On considère généralement que la cigarette électronique sans nicotine est moins nocive que la cigarette classique. Toutefois, le Conseil supérieur de la Santé, dans ses rapports, reste prudent et n’exclut pas les risques.

D’après le SPF Santé publique, ces e-cigarettes pourraient, dans certains cas, être une aide pour arrêter le tabac mais concernant les jeunes, il y a une vraie crainte.
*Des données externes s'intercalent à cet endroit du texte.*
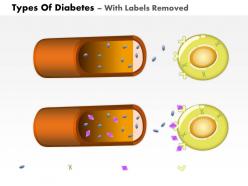 0814 types of diabetes medical images for powerpoint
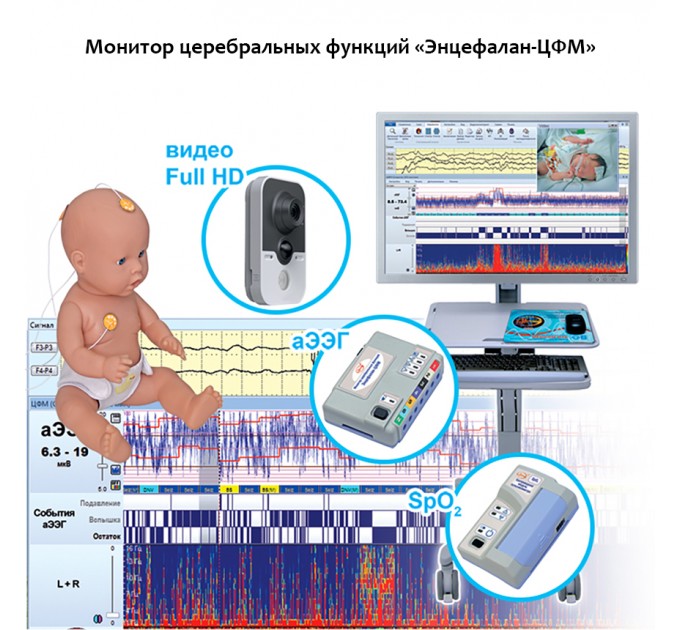 Монитор церебральных функций «Энцефалан-ЦФМ» в Караганде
La pratique pourrait les influencer à commencer à fumer.

Pour le tabacologue, Martial Bodo, "le vapotage peut causer des problèmes de manière directe ou indirecte". Le liquide que ces e-cigarettes contiennent est composé d’arômes, de colorants, d’additifs et de substances dont on ne connait pas encore les effets à long terme.

Et il n’y a aucun recul en ce qui concerne les conséquences physiologiques au niveau des voies aériennes et respiratoires causées par l’inhalation de vapeurs.

Comme la maman de Bierges, le tabacologue pointe les risques d’une certaine banalisation de ce genre de produits : "Le succès de ces arômes est inquiétant et on trouve ces magasins un peu partout".

Il y a quelques années, on estimait à 150.000 le nombre de vapoteurs en Belgique.